La nueva reina consorte conoció a Carlos en 1970 en un partido de polo y lo saludó recordando que su tatarabuelo, el rey Eduardo VII, y una bisabuela de Camila habían sido amantes
10 sep 2022 . Actualizado a las 05:00 h.Si Carlos III no lo tiene fácil en su nuevo trabajo, a Camila le espera una remontada de época. Aunque durante los últimos años una cuidadosa campaña mediática ha logrado restaurar su imagen ante una opinión pública abrumadoramente partidaria de la difunta Diana, la reina consorte deberá trabajar mucho para ganarse el favor de una ciudadanía que no resistirá la tentación de comparar cada gesto de la pareja con el precedente de Isabel II y Felipe de Edimburgo.
Camila Rosa María Shand nació en 1947 en Londres. Hija de un comandante británico que luchó en la Segunda Guerra Mundial, se crio en Sussex antes de ir la escuela en Kensington y a un internado en Suiza. Estudió literatura francesa en París y pronto se aficionó a montar a caballo y a la caza del zorro (una de las contradictorias aficiones del ecologista Carlos).
Conoció al entonces príncipe de Gales en 1970, en un partido de polo. Como carta de presentación, Camila le soltó a Carlos: «¿Sabía que su tatarabuelo, el rey Eduardo VII, y mi bisabuela Alice Keppel habían sido amantes?». No tardaron en apuntarse a esa centenaria tradición. Ni siquiera les frenó el hecho de ser primos, eso sí, muy lejanos.
Fueron durante décadas amigos y amantes, pero Carlos no se atrevió a dar el paso de proponerle matrimonio, entre otras razones, porque en esa época Camila todavía era católica y eso se le antojaba un obstáculo insalvable. Camila asumió la situación, se convirtió a la fe anglicana y se casó en 1973 con el mayor Andrew Parker Bowles, del que tomó sus apellidos y con el que tuvo dos hijos. La leyenda cuenta que, ya como señora Parker Bowles, se afanó en encontrar pareja para el príncipe de Gales y que ella misma le sugirió a Diana Spencer. Según la misma mitología, Carlos pidió la mano de Diana durante una fiesta en el jardín de los Parker Bowles, aunque tal vez solo sean aderezos de un triángulo ya de por sí muy truculento.
Invitada a la boda
Sí estuvo entre los invitados a la boda del príncipe de Gales con Diana Spencer en 1981, convirtiéndose desde ese minuto inicial en la tercera pasajera del matrimonio que Lady Di definió años después como «un poco concurrido».

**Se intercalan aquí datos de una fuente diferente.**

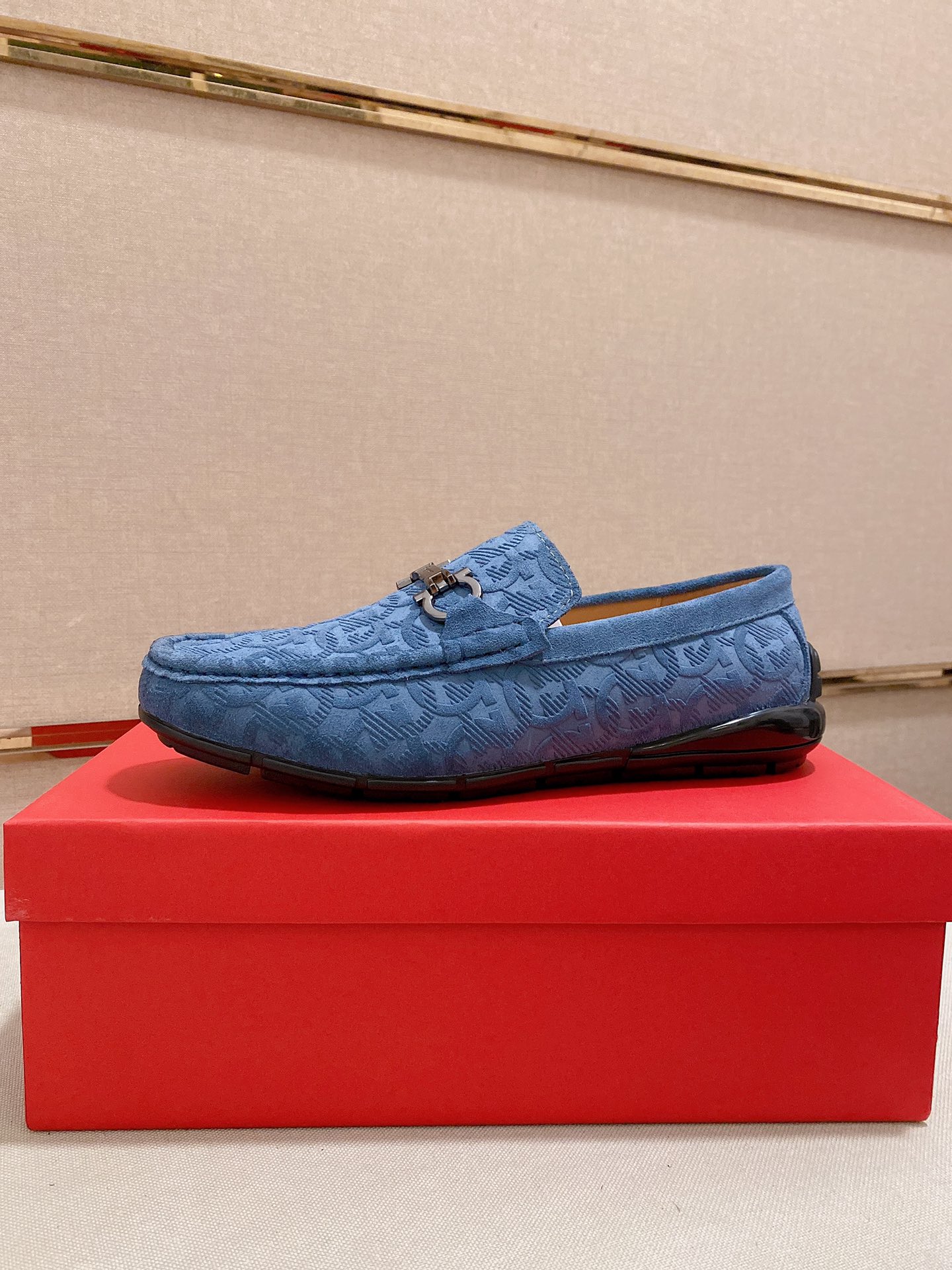 I5 菲拉格慕Ferragamo香港专柜同步更新男士一脚蹬休闲系列男鞋里外全牛皮鞋面进口头层牛皮牛皮内里经典原版大底组合制作出货[强]高端品质产品38—44码。可定做45高档包装[色][色]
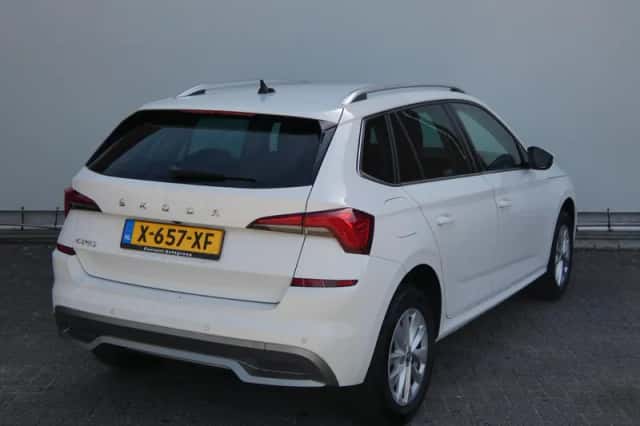 Škoda Kamiq (2023) thumbnail 5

La relación a tres bandas —a cuatro, si incluimos al mayor Parker Bowles— saltó por los aires cuando diarios y revistas airearon el adulterio, recreándose en la transcripción de las fogosas charlas entre Carlos y Camila, en las que, además del fetichismo del príncipe de Gales, quedó plasmada la cara más terrenal de la monarquía por designación divina.
El Tampongate de 1993 fue el camino más corto al divorcio de las dos parejas: Camila y Andrew Parker Bowles lo firmaron en 1995 y Carlos y Diana, en 1996. Solo un año después, murió Lady Di en París y el pueblo británico tomó partido sin titubear. Camila, que tras la separación del príncipe de Gales aspiraba al fin a poder llevar una relación relativamente normal sin necesidad de ocultarla, tuvo que retirarse de la vida pública. La ciudadanía la consideraba la culpable de la ruptura de aquel matrimonio y la situó de inmediato en algún punto intermedio entre la madrastra de Blancanieves, Lady Macbeth y Yoko Ono.
Pero supo esperar y ganarse el afecto de Guillermo, Enrique e Isabel II. En el 2005, con el permiso final de la reina, se casó con Carlos en el ayuntamiento de Windsor. Un matrimonio que ahora chirría en la mente de algunos teólogos al ver al nuevo jefe de la Iglesia anglicana casado por lo civil con una divorciada.
En un último guiño a su hijo, Isabel II ordenó en febrero que, a su muerte, se concediese a Camila el título de reina consorte, el que nunca tuvo el difunto Felipe de Edimburgo.
Camila se llevará a Buckingham a sus dos perritas terrier. Se llaman Beth y Bluebell, son adoptadas y son su arma secreta para conquistar el escurridizo cariño del pueblo británico.